De plus, la moitié de la population canadienne s'adonne à
des activités récréatives aquatiques : la navigation
de plaisance à voile ou à moteur, le canotage, la pêche,
la natation et la plongée. Les Canadiens possèdent quelque
3,4 millions d'embarcations de plaisance, de tout genre. Les bateaux de
croisière (plus d'un million et demi de passagers visiteront le
Canada ou en partiront par mer chaque année) et les compagnies
de traversiers et bacs (34 millions de passagers par année) transportent
un grand nombre de personnes. Il y a en outre au Canada quelque 22 000
bateaux de pêche commerciale. Ces données donnent une idée
du volume de trafic maritime au Canada, et des données qui suivent
quant aux incidents maritimes de R-S.
L'année 2003 a certainement aussi été chargée
d'incidents maritimes de R-S. À l'échelon fédéral,
on compte 5 721 incidents, une baisse de 486 cas par rapport à
2002, qui vient confirmer la tendance générale à
la baisse enregistrée au cours des cinq dernières années.

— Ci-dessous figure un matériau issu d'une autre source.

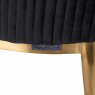 Dining Chair Breeze Quartz Anthracite (Set of 2) by Richmond Interiors Dining Chair Breeze Quartz Anthracite (Set of 2) by Richmond Interiors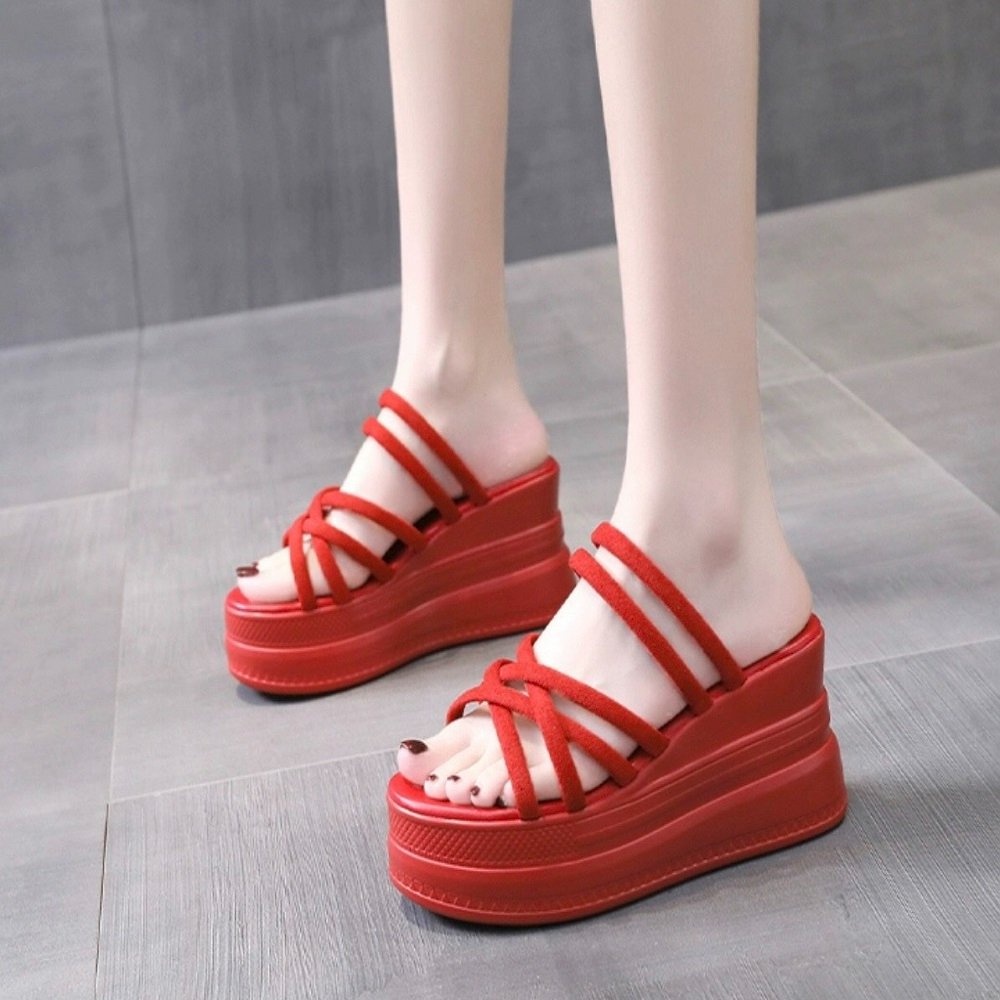 DÉP XUỒNG ĐAN DÂY DA LỘN 7P HÀNG CAO CẤP✨✨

En 2003, les incidents de nature maritime représentaient 70 % de
tous les incidents enregistrés de R-S. C'est encore le domaine
de la navigation de plaisance qui a représenté la plus fréquente
cause d'incidents (65 %), suivie de l'industrie de la pêche (22
%). En 2003, il y a eu perte de 71 vies lors de ces incidents maritimes,
par opposition à 79 l'année précédente.
Parmi les cas d'importance cette année, rappelons le naufrage
de deux bateaux de pêche lors de l'ouragan Juan en septembre. Quand
le Evan
Richard, s'est abîmé au large de l'île d'Anticosti,
malgré la perte de deux vies trois autres ont pu être sauvées.
Par contre, lors du naufrage du Pacific
Attitude à la hauteur du Grand Banc, les trois membres de l'équipage
ont péri. En janvier, un hélicoptère de sauvetage
basé à Gander a sauvé les 16 membres de l'équipage
du bateau finnois Camilla.
Mentionnons aussi la perte d'un canoë avec quatre occupants à
bord dans la baie d'Ungava, au nord du Québec : on n'a pu retrouver
que le cadavre d'un seul occupant et les débris du canoë après
une recherche ayant duré quatre jours. Dans le domaine de la navigation
de plaisance, les dossiers de la GCC indiquent que l'une des causes les
plus communes d'alerte auprès du système de R-S demeure
la panne mécanique des embarcations à moteur. L'étude
SmartRisk de 2003 indique que 89 % des noyades lors des incidents en bateau
de plaisance concernaient des personnes ne portant pas de vêtement
de flottaison individuel (VFI).
Dans l'industrie des croisières en eaux canadiennes, après
21 ans d'augmentation ininterrompue de croissance de l'affluence, le nombre
des embarquements et désembarquements de passagers a chuté
de 11 % en 2003; la baisse la plus élevée, de 15 %, provenaIt
du port de Vancouver. Les ports de Montréal et de Québec
ont aussi enregistré des baisses légères du nombre
des passagers, alors qu'il y a eu augmentation à Halifax et à
St. John's. Le nombre des bateaux et des passagers qui visitent le Canada,
tout particulièrement au Nord et dans l'Arctique, représente
à la fois un créneau de revenus commerciaux pour la région
touchée et le défi d'un risque accru d'incident maritime
majeur dans une région reculée du territoire canadien de
recherche et de sauvetage. Au cours des mois d'été, on compte
en moyenne 12 bateaux circulant dans les eaux de la côte Ouest,
offrant à leur clientèle 19 itinéraires distincts
de croisière, et 6 bateaux sur la côte Est, offrant 15 croisières,
chaque mois, de juin à septembre.
Les ports les plus achalandés pour les croisières en bateau
demeurent celui de Vancouver (le plus achalandé aussi dans le commerce
des marchandises, qui à lui seul compte un million de passagers)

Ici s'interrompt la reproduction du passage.